Cloudy with a chance of revenue


“What is the most valuable part of a business?” whispered my softly spoken
World Economy professor in lecture one of freshman year at Business School.

A question I have since found evokes such dramatically different answers depending on the recipient. It’s something I’ve discussed over the last few years ever since being pitched it in that lecture…

  • On asking my friend’s uncle Alan (a farmer), he immediately replied “Land! There’s less and less of it available every day that goes by”.
  • My friend Sayid who works in the City barked “Cashflow – you need notes in the bank or no one will touch you”.
  • My housemate Alistair is a recruiter and suggested “People! Literally the life blood of any organisation – I don’t care if you’re IBM or Lily’s Lemonade Stall– no people, no business”.
  • Most recently I asked a Copywriter Franky in the office and got… “The Brand. It may be intangible but a strong brand is a prerequisite to exist and survive”.
  • Finally, my challenging colleague Neil (who has featured in previous articles) responded “A good product, something to bloody sell!”.

So then, a range of people and a range of distinct answers, all arguably correct in their own right.
But for me, the most powerful answer came from the same professor who’d originally asked me all those years ago, his answer was visibility.
At first I didn’t buy this, but the more I think about it, the stronger it becomes.

  • Alan the farmer doesn’t know the value of his acres if he doesn’t have a RICS Farmland survey.
  • Sayid the stockbroker cannot valuate companies if he doesn’t have CityIndex information about the markets.
  • Alistair the recruiter cannot find the best candidate without knowledge of skills, salaries and unemployment.
  • Franky the copywriter cannot craft the right tone without understanding who she’s talking to and how they tend to react.
  • Neil’s ‘good’ product could quickly become ‘crap’ if he doesn’t know what competitor products exist alongside his.

Visibility is utterly crucial.

However, despite being so crucial, visibility is something I find is undervalued in the industry of advertising. At times, we quite literally give it away.

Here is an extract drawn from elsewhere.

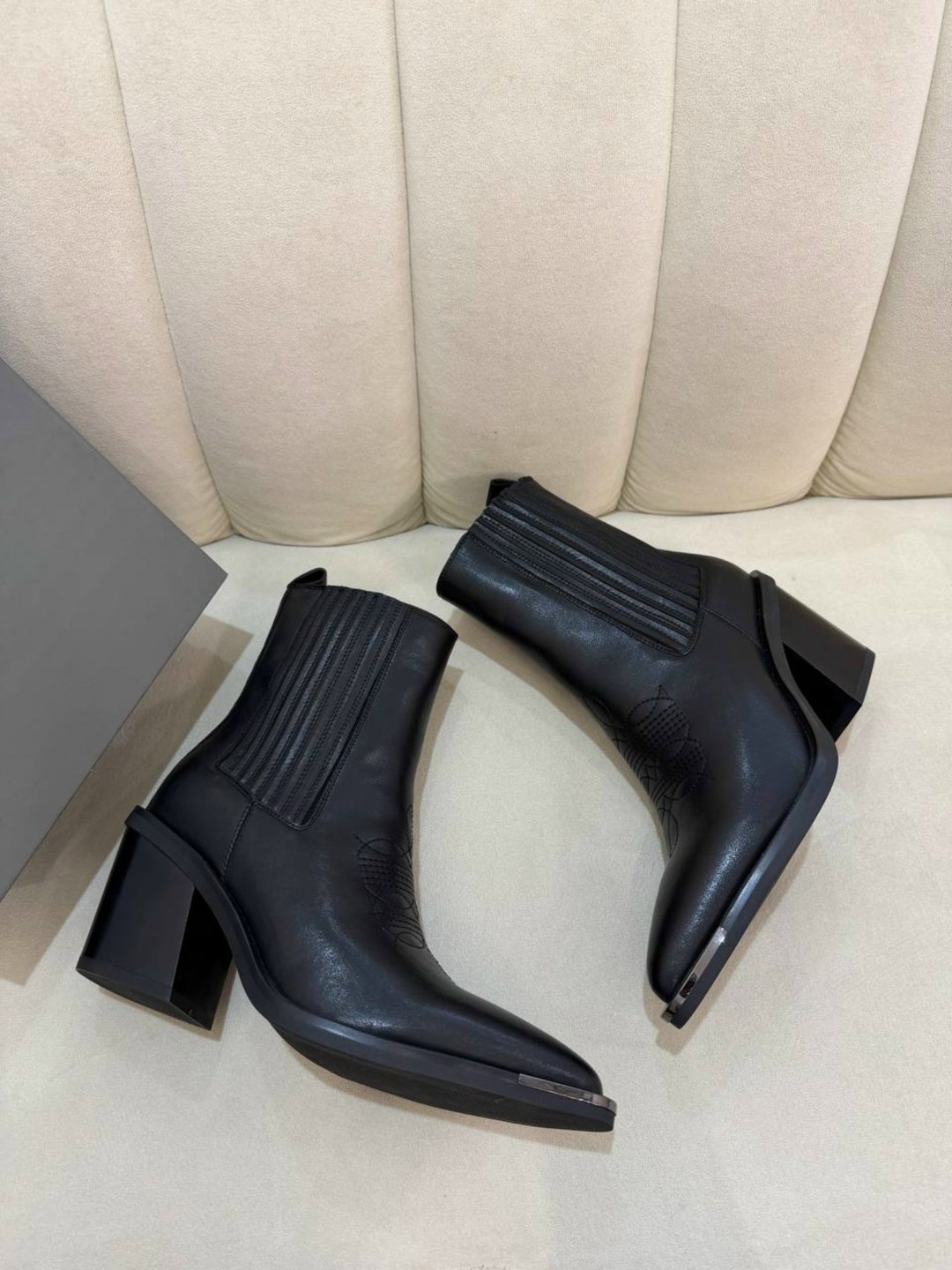 ,ботильоны женские,ботильоны кожаные,казаки женские,полусапоги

Ask any in the industry and they will agree that visibility i.e. measurement and reporting on performance is often given to clients as a “gift”, an “added bonus”, free of charge or worst of all, not offered at all.
I am lucky enough to work at an agency who genuinely value visibility but in the past I’ve been exposed to some incredibly large and influential global organisations who simply ignore the need to know how things are going, ignore visibility.

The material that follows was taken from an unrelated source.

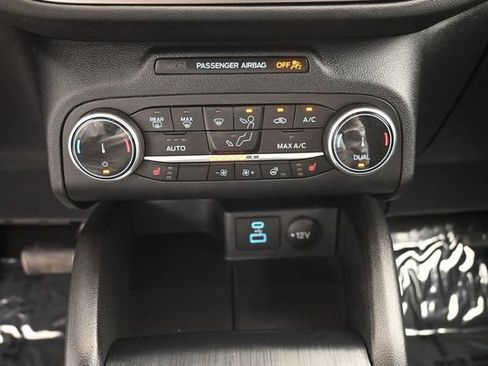 Used 2023 Ford Escape Active AWD/4WD image 18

There are two main causes of this; (a) the client and/or agency lack confidence in the work and so assume the stance of ignorance is bliss, “we spent a lot so it must have gone really well”. Cause (b) is over complicating visibility, approaching it with such trepidation that Account Handlers prefer to sweep it beneath the carpet than frighten a client with it on a cost sheet.

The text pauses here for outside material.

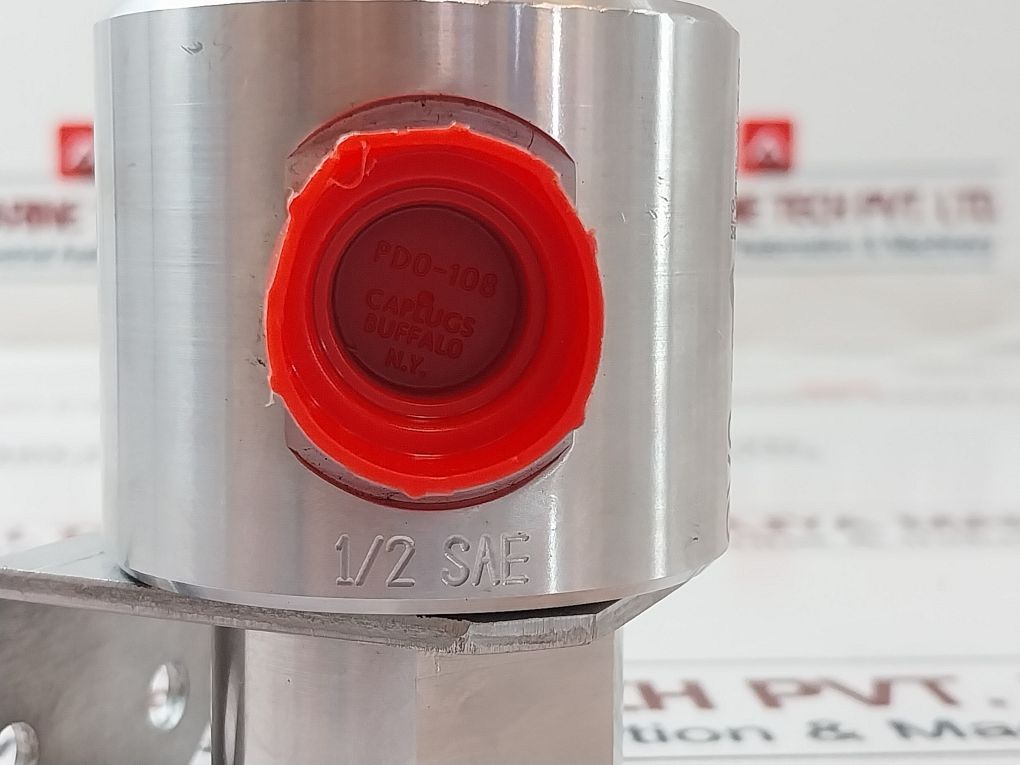 Gilmore 2725790-08 1/2” Standard Mounting Bracket Shuttle Valve 27019-0.2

This is something we need to change.


There is a famous saying, the author of which varies depending on where you reside in the world, in the UK William Lever (founder of Unilever) said it, in the States it was the automotive pioneer Henry Ford. Whomever first uttered the phrase, it remains powerful today “Half of the money I spend on advertising is wasted, the problem is I don’t know which half”.HRYFD

My past three years have been spent understanding what success and effectiveness look like for brands, and then commoditising the means to measure it. As agencies it is our responsibility to provide proper visibility to the client, and it is the client’s responsibility to value this enough to pay for it.

Whilst I attack the industry mind-set on the concept of visibility it is necessary to reference those who have embraced it and lead the way; the likes of Jay Walter Thompson (JWT) and Abbot Mead Vickers (AMV BBDO) place measurement at the core of their work and their resultant industry awards are testament to this.

These agencies can offer guidance, but there are other areas of society where the power of visibility is undeniable.

In 2010 the Wall Street Journal reported that average global daily trading topped $6,000,000,000,000 (trillion), this was done by gaining visibility over the immense number of variables moving at a rapid pace in the market.

Last year the British Home Secretary Theresa May reported that the UK Security Services had foiled over 40 terrorist plots since the 7/7 bombings. This was done by analysing intelligence, thus gaining visibility of the immensely complex and hidden events occurring.

These are areas which advertising can learn from.

As I’ve said in previous posts, advertising trades in the most complicated commodity known to man; human cognition. So we should be pushing the envelope with how to gain visibility on this. Let’s borrow from stockbrokers, brain surgeons and spooks to become the masters of visibility.

But most importantly, lets provide our clients with such useful visibility that they’re willing to pay for it.